Action item → Nothing outside the range is wanted. Repeat exactly the lines below from the one with "Hummingbird 10 machine embroidery designs" through the one with "Cavapoo dogs for".

Available data →
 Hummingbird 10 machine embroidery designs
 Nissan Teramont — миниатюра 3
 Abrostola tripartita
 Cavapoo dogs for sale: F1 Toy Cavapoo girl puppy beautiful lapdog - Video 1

...

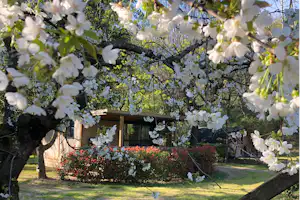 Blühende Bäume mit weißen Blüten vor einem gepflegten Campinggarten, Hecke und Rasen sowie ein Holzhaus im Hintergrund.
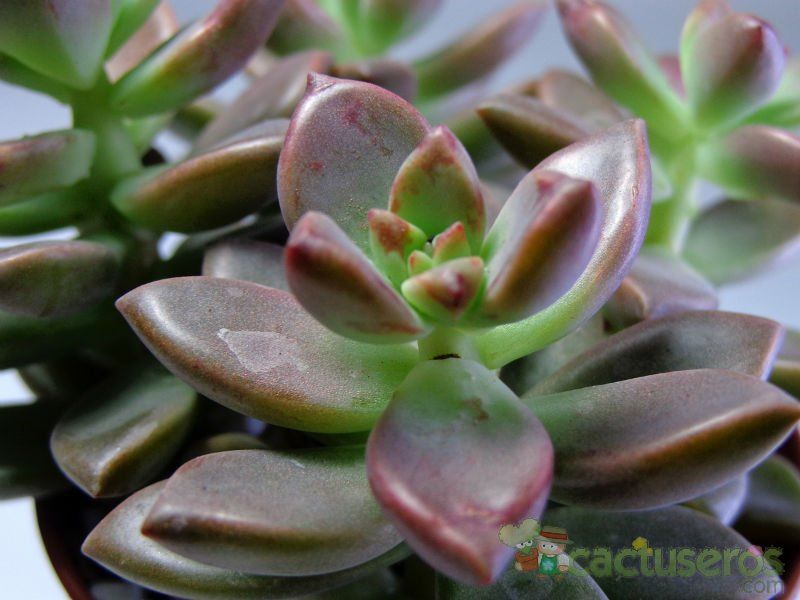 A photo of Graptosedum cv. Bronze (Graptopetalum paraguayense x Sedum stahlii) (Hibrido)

Output below →
 Hummingbird 10 machine embroidery designs
 Nissan Teramont — миниатюра 3
 Abrostola tripartita
 Cavapoo dogs for sale: F1 Toy Cavapoo girl puppy beautiful lapdog - Video 1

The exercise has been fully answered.